CA Montpellier, 2e ch. A, 12 mars 2002, n° 99-04643

MONTPELLIER

Arrêt

PARTIES

Demandeur :

Valais Sodespal (SA)

Défendeur :

Cev Sète (SA)

COMPOSITION DE LA JURIDICTION

Président :

Ottavy

Conseillers :

Mes Derdeyn, Bruyère

Avoués :

SCP Salvignol Guilhem Delsol, SCP Auche-Hedou, Auche

Avocats :

Mes Nassi, Porte.

T. com. Sete, du 3 sept. 1999

3 septembre 1999

FAITS ET PROCEDURE

La société Cev Sète qui fabrique des produits alimentaires surgelés, notamment des pizzas, des tielles et des feuilletés était en relation avec la société Sodespal qui distribuait une grande partie de ses produits.

Au cours de l'année 1997 les relations commerciales se sont détériorées et se sont rompues, après différentes tensions, en septembre 1998.

Arguant que la société Sodespal et la société Valais Production, société du groupe Sodespal, usurpaient son nom commercial sur des produits dits feuilletés, et que, par ailleurs, ces sociétés lui faisaient une concurrence déloyale en continuant à utiliser sur leurs emballages la photographie des tielles qu'elle fabriquait, la société Cev Sète saisissait le tribunal de commerce de Sète en réparation de ses préjudices, laquelle juridiction, a, par jugement en date du 3 septembre 1999 :

- débouté la société Cev Sète de ses demandes relatives à la concurrence déloyale,

- dit que la société Sodespal avait commercialisé des produits "feuilleté royal" et "feuilleté à la brandade" avec le code barre de la société Cev Sète,

- ordonné le retrait immédiat des produits "feuilleté royal et "feuilleté à la brandade" commercialisé par Sodespal sous le nom commercial de Cev Sète et ce sous astreinte de 10.000F par produit dont la présence en rayon serait constatée,

- ordonné la publication de la partie du dispositif du jugement relative à l'usurpation du nom commercial de la Cev Sète dans la revue dispositions de l'article 700 du professionnelle "Linéaire" "LSA", le quotidien régional "La Provence, Le Midi Libre, ce aux frais de la société Sodespal ,

- ordonné une expertise pour le surplus des demandes de la société Cev Sète concernant son préjudice du chef de l'usurpation du nom commercial,

- débouté les sociétés Sodespal paiement de dommages et intérêts,

- ordonné l'exécution du jugement,

- réservé les dépens et l'application nouveau code de procédure civile.

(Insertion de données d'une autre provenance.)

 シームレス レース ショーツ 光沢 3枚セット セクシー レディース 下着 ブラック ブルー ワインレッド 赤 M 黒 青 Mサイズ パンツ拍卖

Le 28 septembre 1999 la société Sodespal a relevé appel de cette décision.

Au cours de la procédure la SA Valais Sodespal est venue aux droits de la société Sodespal .

L'ordonnance de clôture est intervenue le 7 février 2002.

Par conclusions du 5 février 2002 la société Valais Sodespal a sollicité le rejet des écritures et d'une pièce notifiées et communiquées par la société Cev Sète le 30 janvier 2002.

DISCUSSION SUR LA PROCEDURE

Les conclusions notifiées le 30 janvier 2002 par la société Cev Sète, alors que la clôture était fixée au 7 février 2002, apparaissent comme tardives puisque la société Valais Sodespal ne pouvait y répondre avant la clôture.

Toutefois, contrairement à ce qu'affirme la société Valais Sodespal, ces conclusions ne contiennent aucun moyen nouveau puisque, en faisant référence à la notion de faute et de voie civile, la société Cev Sète n'utilisait qu'une métabole des moyens qu'elle avait développés depuis l'assignation, à savoir une demande en réparation d'un préjudice occasionné par des fautes, demande portée devant les juridictions civiles et non pas devant la juridiction pénale comme cela aurait pu être du fait de l'usurpation du nom commercial, infraction prévue et réprimée par le code de la consommation.

Dès lors qu'elles ne développent aucun moyen nouveau, les conclusions de la société Cev Sète notifiées le 30 janvier 2002 ne violent pas le principe du contradictoire et elles ne doivent donc pas être rejetées du débat.

De même, la communication le 30 janvier 2002 du compte rendu d'inspection du 18 août 1998 dressé par les services vétérinaires du Vaucluse dans l'établissement Sodespal /Valais Production, ne viole pas le principe de la contradiction puisque la société Valais Sodespal avait une parfaite connaissance de cette pièce dont la société Cev Sète avait, par ses conclusions du 13 septembre 2001, déjà fait état. En effet, force est de noter que ce compte rendu d'inspection a été directement adressé par les services vétérinaires à la société Sodespal, laquelle société l'a d'ailleurs versé dans une autre procédure l'opposant à la société Cev Sète comme cela résulte de l'arrêt de la Cour d'appel de Montpellier en date du 25juillet 2001 (19ème page - 2éme §), arrêt qui est une des pièces communiquées par chacune des parties et que, de surcroît, la société Valais Sodespal ne peut, sans mauvaise foi, ignorer qu'elle même vise dans ses conclusions du 15 novembre 2001 ce procès-verbal du 18 août 1998 comme étant une pièce dont elle entend se prévaloir (page 15 des conclusions - 6ème pièce).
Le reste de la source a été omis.